Pictures with short captions
*** Begin section ***
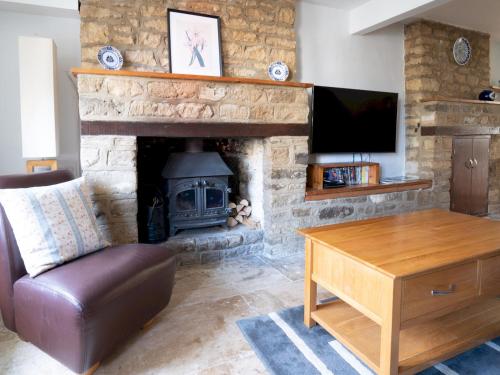 Quarry Cottage Courtyard Garden Pass the Keys — 4-Star Luxury Hotel in Cirencester, United Kingdom
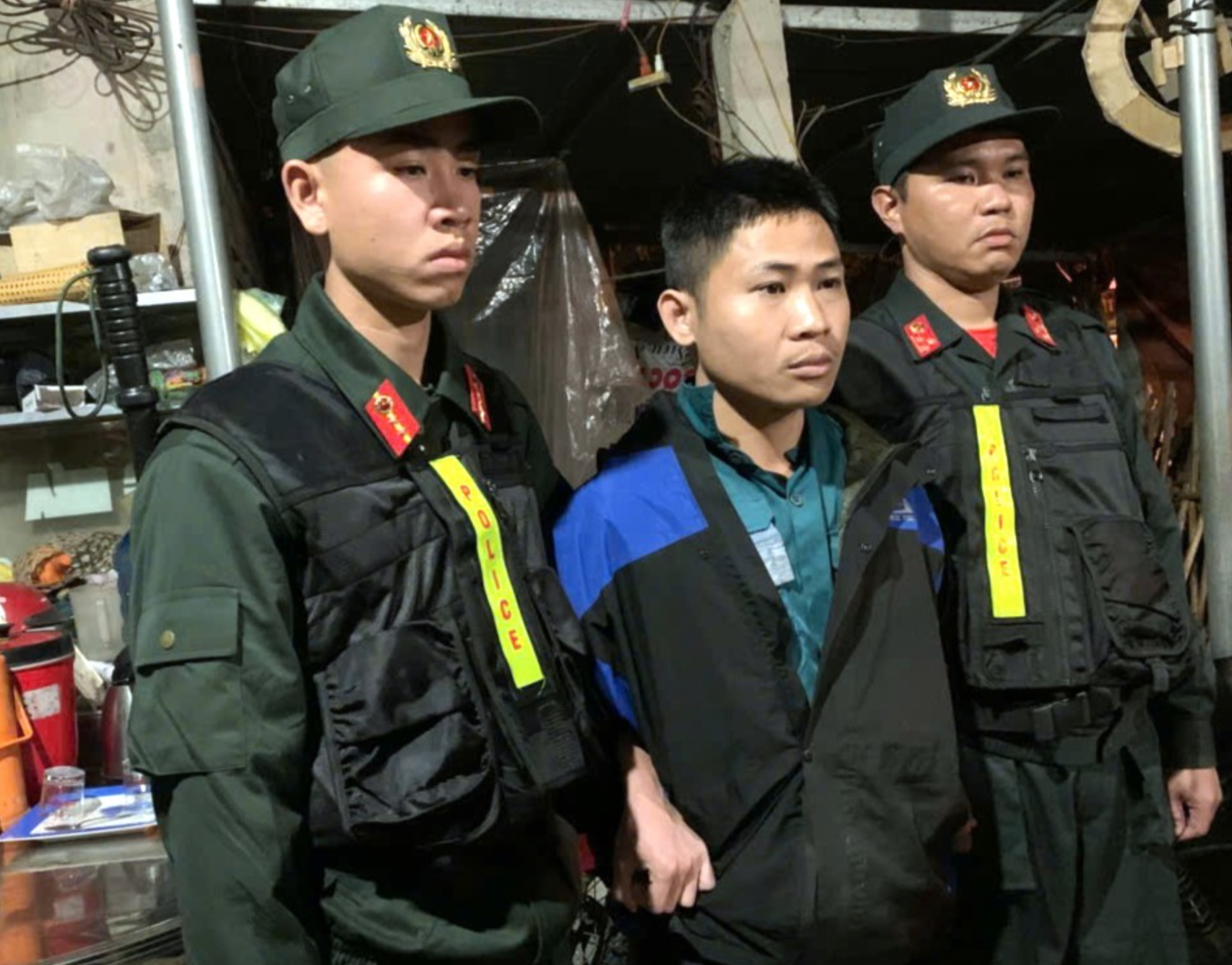 Diễn biến mới vụ chuyển nhầm 500 triệu đồng v&agrave; bắt người chiếm giữ t&agrave;i sản - Ảnh 1.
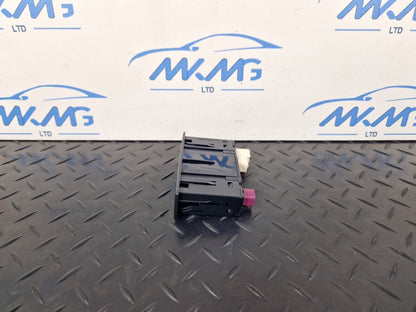 19-ON MERCEDES B CLASS W247 CENTRE CONSOLE USB CONNECTION PORT A2478203902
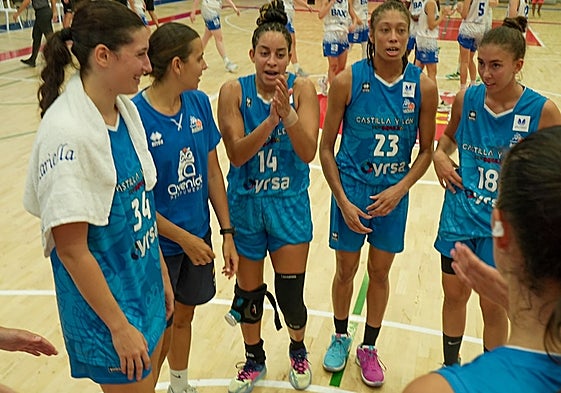 Las jugadoras de Avenida, en el amistoso de este miércoles en As Pontes.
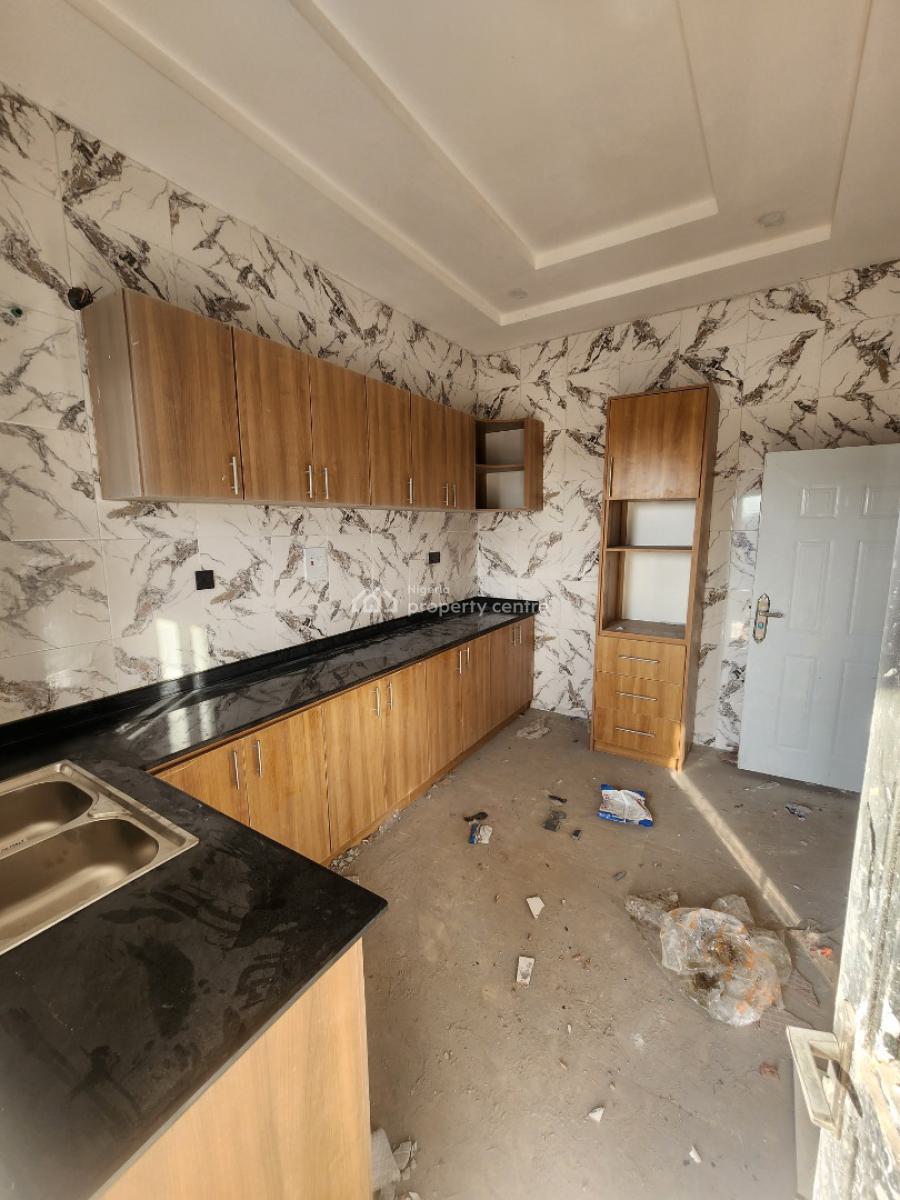 Luxury Two Bedroom Block of Flat, Dawaki District, Dawaki, Gwarinpa, Abuja, Flat / Apartment for Rent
*** End section ***
> [Your goal]: Your copy should hold only the lines running from the one that contains "19-ON MERCEDES B" through the final line of the data; transcribe them exactly, both ends included, and leave pictures out.

> [Output for this exercise]:
 19-ON MERCEDES B CLASS W247 CENTRE CONSOLE USB CONNECTION PORT A2478203902
 Las jugadoras de Avenida, en el amistoso de este miércoles en As Pontes.
 Luxury Two Bedroom Block of Flat, Dawaki District, Dawaki, Gwarinpa, Abuja, Flat / Apartment for Rent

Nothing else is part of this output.